Step one: Evaluate all children using an unbiased third party and assign them a combined score based upon teach-ability, behavior, and intelligence.  This score will enable parents with more difficult students due to disability to receive a larger voucher, and if a student shows promise in a given area such as mathematics or science, the parent can receive a larger voucher for this as well.  Of course, some kind of due process will have to be included in this assessment so parents can either ask for retesting or appeal their child's score based upon other equally accurate criteria. 
            Step two: Give every child a waiver that approximates as closely as possible the total expenditures of the state per pupil.  The amount paid will reflect the total amount that the taxpayers shell out for their yearly education currently.   
            Step three: We independently license teachers to be service providers similar to engineers, lawyers, and doctors.  States set up the education requirements for a teaching license so that anyone who can pass the licensing exam and has a degree in the appropriate area can teach.  That way, chemists can teach chemistry part time, engineers can teach math, etc. and many professionals can give back to the community. 
            Step four: Establish a tier based quota on the total number of students a teacher can accept based on the criteria reached in # 1 and require teaching assistants if that number is exceeded.  That way an excellent teacher who works with very difficult students with autism will earn as much as a teacher of 25 students who have typical learning capacity.  If students are behaviorally challenging due to disability, then their vouchers conceivably can be large enough to pay for an aide for the teacher so long as the student's teach-ability sub-score is equally high.  Teachers who specialize in difficult subject areas will get more money as well because the students doing well in more challenging fields will receive a larger voucher.  


           Step five: Award an annual grade to each teacher based upon objective test criteria or measurable metrics met, as well as parent satisfaction and publish this number.  This will be analogous to scores given to restaurants for following health regulations.  Teachers will have the opportunity to use a due process step at their own expense to either appeal their score or introduce independent objective criteria justifying a higher grade.
            Teachers will be true independent professionals.  In this scenario, teachers can rent church basements, use old storefronts or anything else for space.  They can buy all their own equipment or share it as doctor's associations do.  If Teachers directly received the $9,000.00 plus dollars, the average state expends educating a student then they will easily be able to earn $100-200K per year.  The only real restraint on this will be their individual performance.  The market will rule.       

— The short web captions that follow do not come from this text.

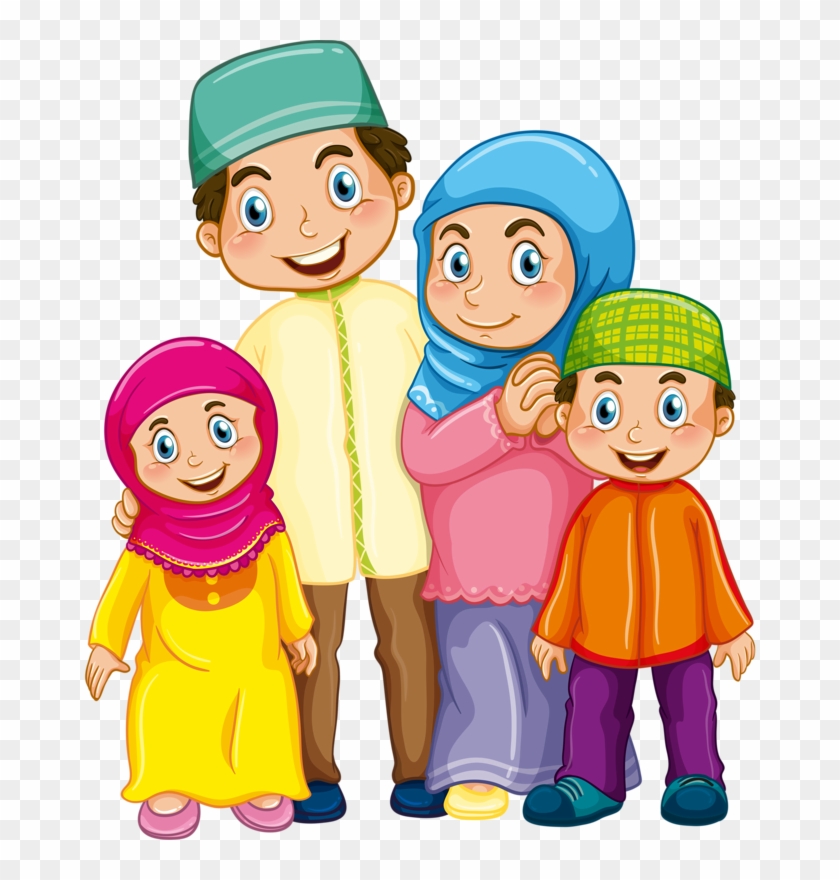 Фотки Muslim Images, Family Clipart, Islamic Cartoon, - Muslim Family Vector - Png Download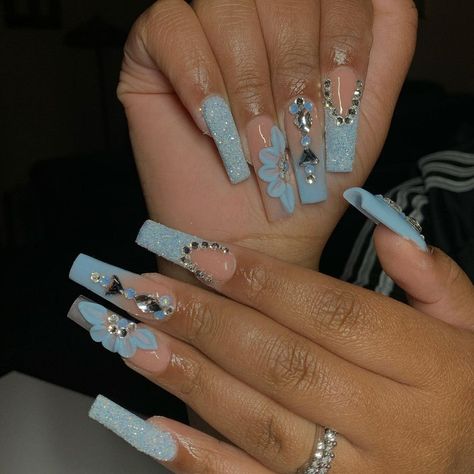 Light Blue Nails Designs Ideas, Light Blue Nails Prom, Baby Blue Prom Nails, Blue Nails Prom, Prom Nails Acrylic Blue, Light Blue Prom Nails, Birthday Hairstyle, Blue Prom Nails, Blue And Silver Nails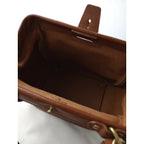 ヘルツ HERZ organ 2way 口枠 キューブ トート ショルダーバッグ ハンド ブラウン【中古】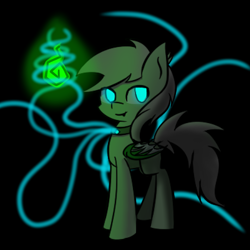 Size: 500x500 | Tagged: safe, artist:askhypnoswirl, oc, oc only, oc:maraco arco, bat pony, pony, body swap, collar, glow, glowing eyes, magic, soul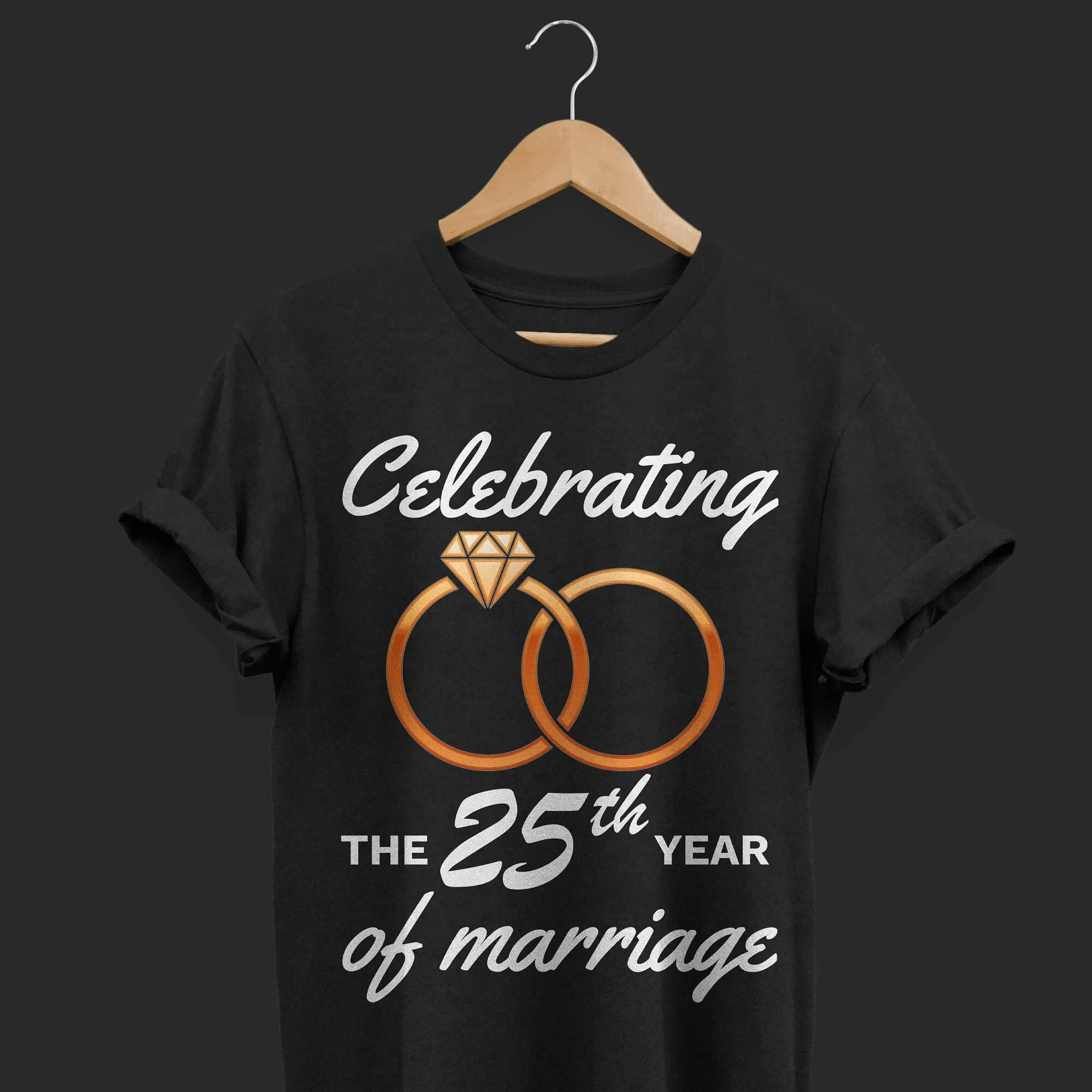 Celebrating The 25Th Year Of Marriage 25 Years Anniversary T Shirt Wedding Party Outfit Married Twenty Five Ago Wearing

                 Parents can also contain costs or earn money.  If parents wanted their kids in extracurricular activities, they can ether join leagues similar to Pop Warner or other clubs and pay for it out of their own pocket.  If a parent becomes licensed, and teaches their own kids, then they can get the reimbursement /waiver directly.  Parents can still home school, but they will have to be licensed educators to receive reimbursement.
          This is a win-win plan.  Imagine a world without capital expenditures for huge schools, teacher's unions, and administration heavy budgets.  Teachers will earn wages similar to other professionals and if they are good, they will earn both parent and student respect.  (Many have that now, but it will inherently increase due to the close relationship the teachers will form with their students.)  The best part is that Students will be the real winners, because teachers will share equal interest in their success.  Students will have the status of clients and teachers will treat them as such.  Teachers will have the status of real professionals.  Parents and students will fight to get the best ones.